Why Do We Need Topology in 3D Modeling
In 3d modeling, the topology shows how well in your 3D model vertices it is organized. So, it is essential that you maintain a good, clean topology when building your 3D models.But it will take quite a long time to be a professional modeler. First, let’s define what topology actually is. Topology is organizing the lineflow and structure of vertices/edges/faces of a 3D model. It is how well you can organize your vertices in your 3D model such that it is efficient, clean and detailed.
It is important that you maintain good, clean topology when building your 3D models. Maintaining good topology has a numerous amount of benefits:
- Easier to work with – You can easily make modifications to a model that has nice topology compared to a model with bad, messy topology where vertices just hang around randomly for no good reason.
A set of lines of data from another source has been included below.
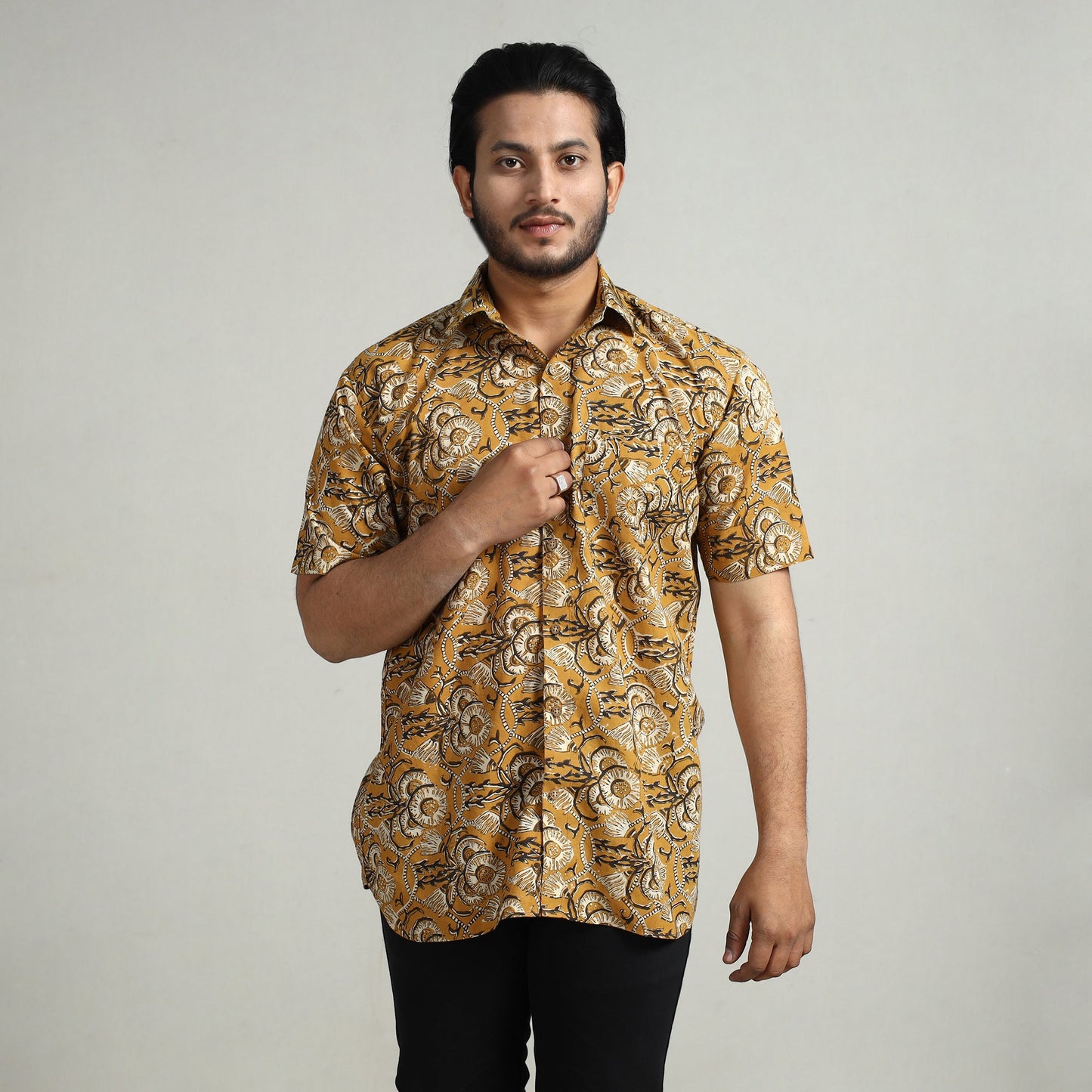 Buy Bagru Hand Block Printed Cotton Men Half Sleeve Shirt Online at iTokri.com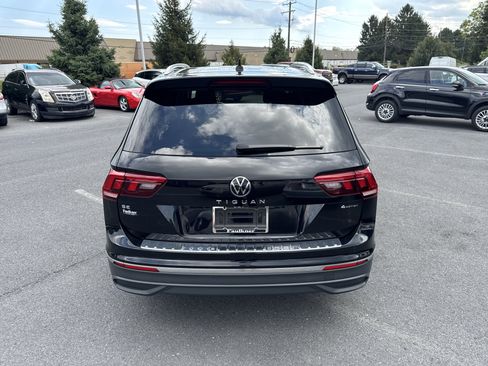 Used 2024 Volkswagen Tiguan SE w/ Panoramic Sunroof Package AWD/4WD image 29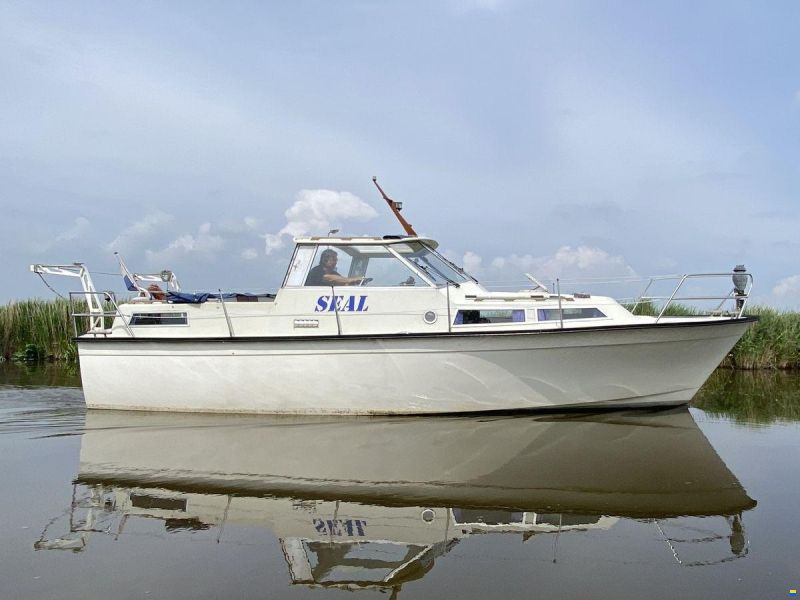 Albin 30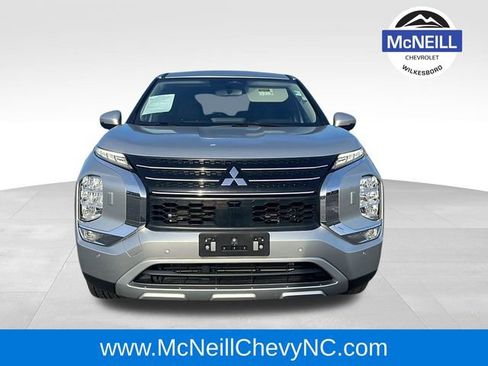 Used 2022 Mitsubishi Outlander SE image 2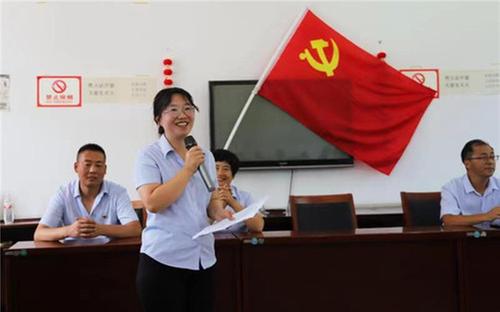 沙河镇小学开展关爱孤寡老人“送温暖”党员志愿服务活动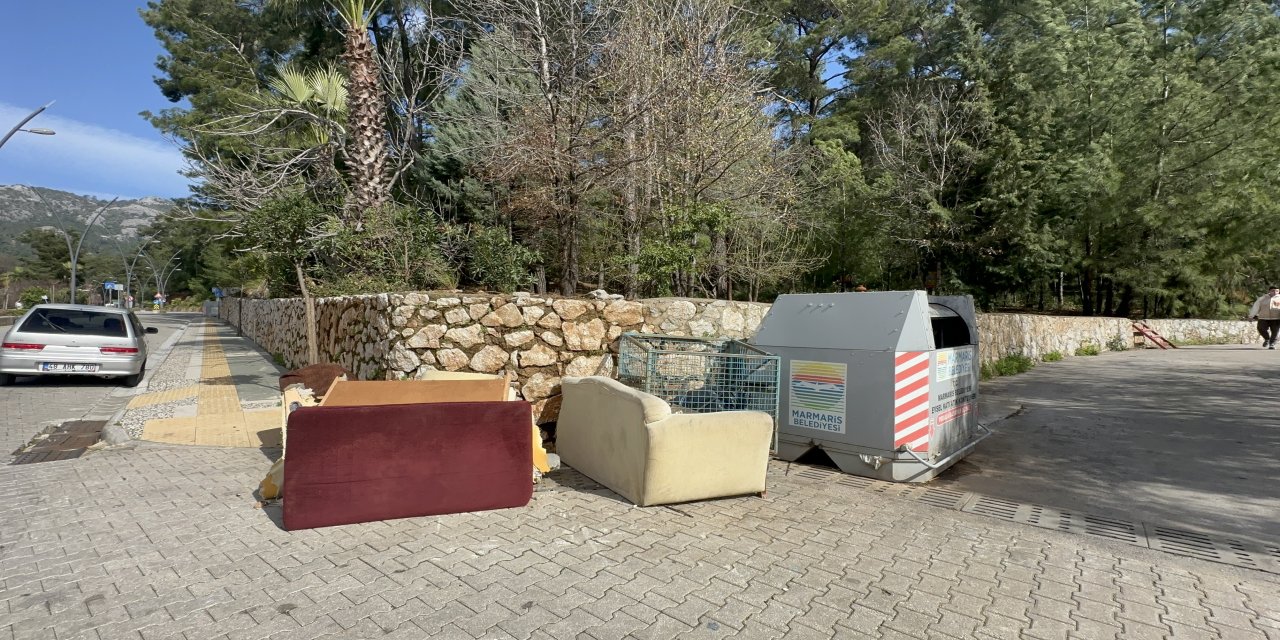 Marmaris’te konteyner kenarları mobilya mezarlığına döndü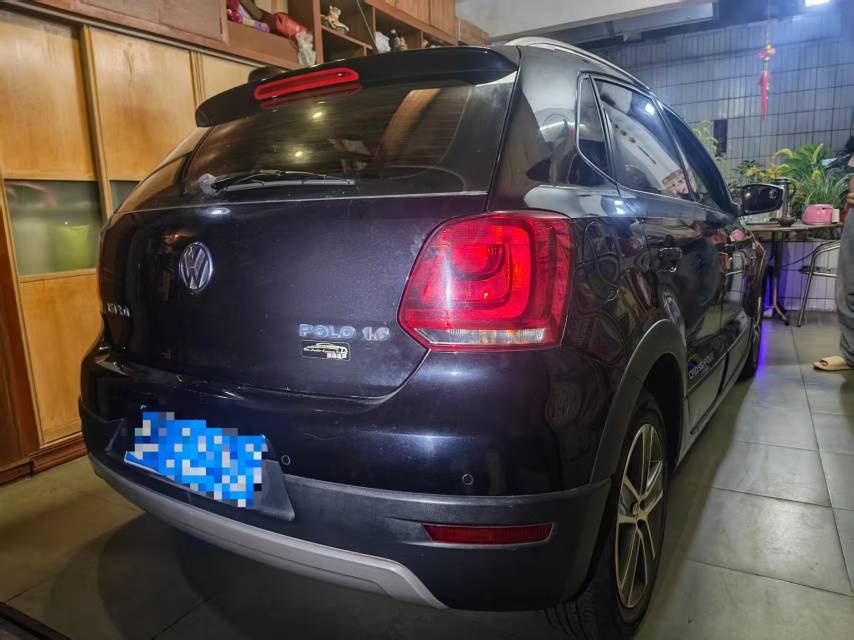 Volkswagen Polo 2012 car image #5
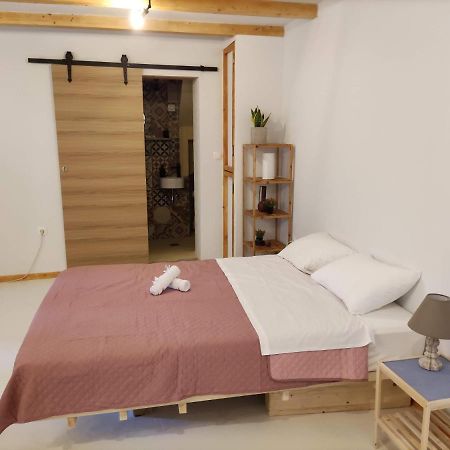 Zaira'S Apartment Corfu Town Exterior photo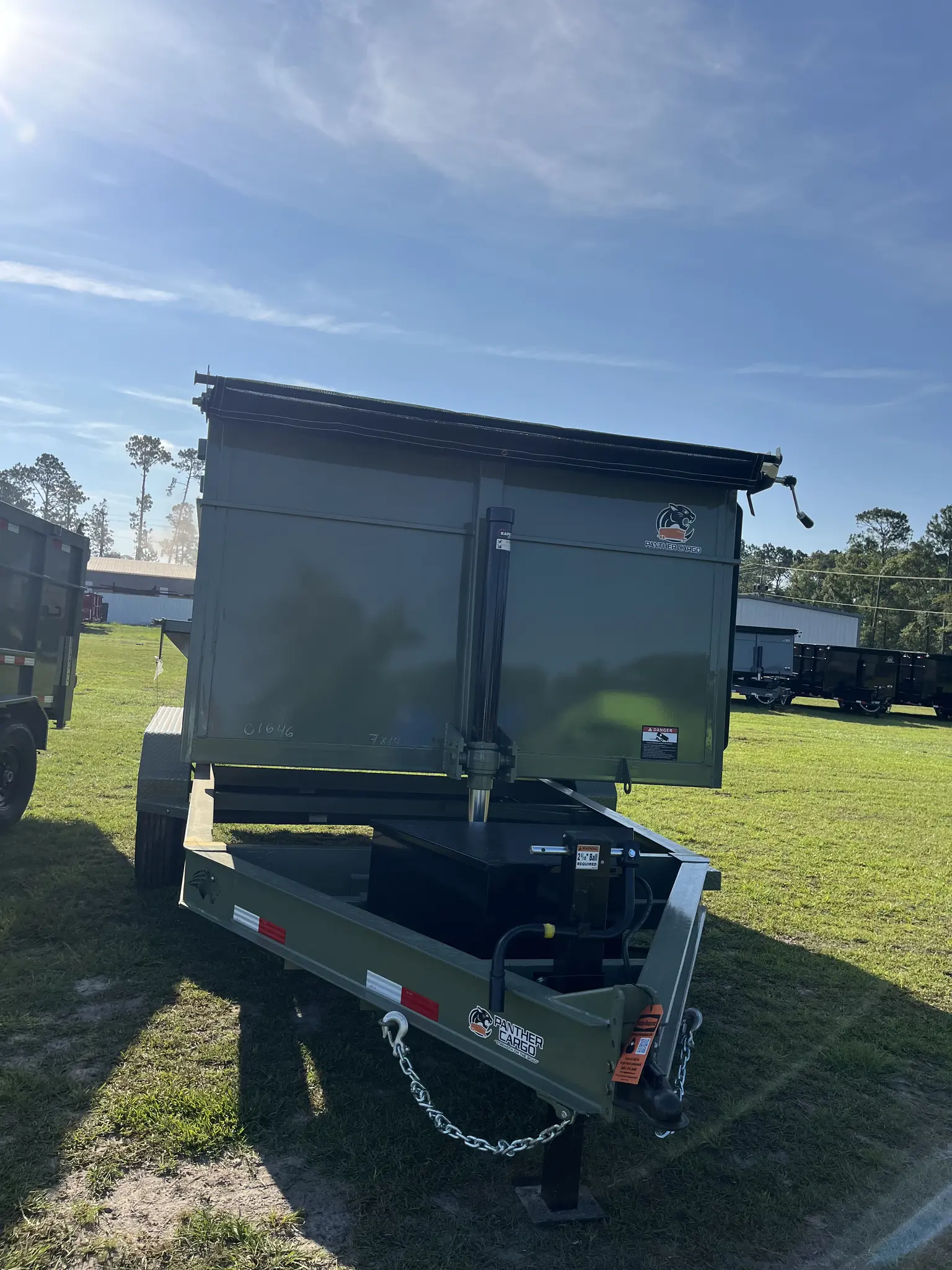 7x14TA2 Titan Pro Series Dump Trailer Army Green - Image 4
- Makes deformed animations look fluid – The animators in your production team will be forever grateful if you incorporate good topology into your 3D modeling workflow. When vertices are organized in a way that makes sense with how objects bend and deform, animation becomes easier and smooth looking. With bad topology, animation becomes a little difficult and even if you manage to nudge out some animation, the result will look horrid with a lot of artefacts like punching and weird stretching in places.
- No weird artefacts – Not only for animations, but your 3D model in general may be susceptible to weird artifacts like pinching and stretching in places if your topology is bad and unorganized. These may also be caused by some vertices overlapping one another.
- Modifiers work smoothly – Popular modifiers like SubSurf will work better on models with good topology. You will get a nice smooth result without doing much tweaking. Adding a SubSurf modifier on a model with bad topology may introduce strange, unexpected results where your model won’t end up looking like your model.
- It looks neater – 3D models with good topology still look good if you see a wireframe of the same model. It has a nice organized look. This is beneficial if you would like to sell your 3D models in a marketplace. People generally buy a 3D model if they see a model and will likely examine the wireframe images. This can determine whether people will buy it or not. Not only for selling though. If you work in a team environment, it is always pleasant for the other 3D modeler to use your models when you have nice, clean topology.
- It uses less memory – A model with bad topology with hundreds of vertices/edges/faces is going to hog up valuable memory space. You don’t want to have hundreds of vertices just to model a cube. 8 vertices would be enough to get the job done. No point showing off. Good topology ensures that you create a 3D object using the least amount of vertices as necessary, so that your computer will electronically thank you and give you a big hug if you incorporate good topology in your workflow.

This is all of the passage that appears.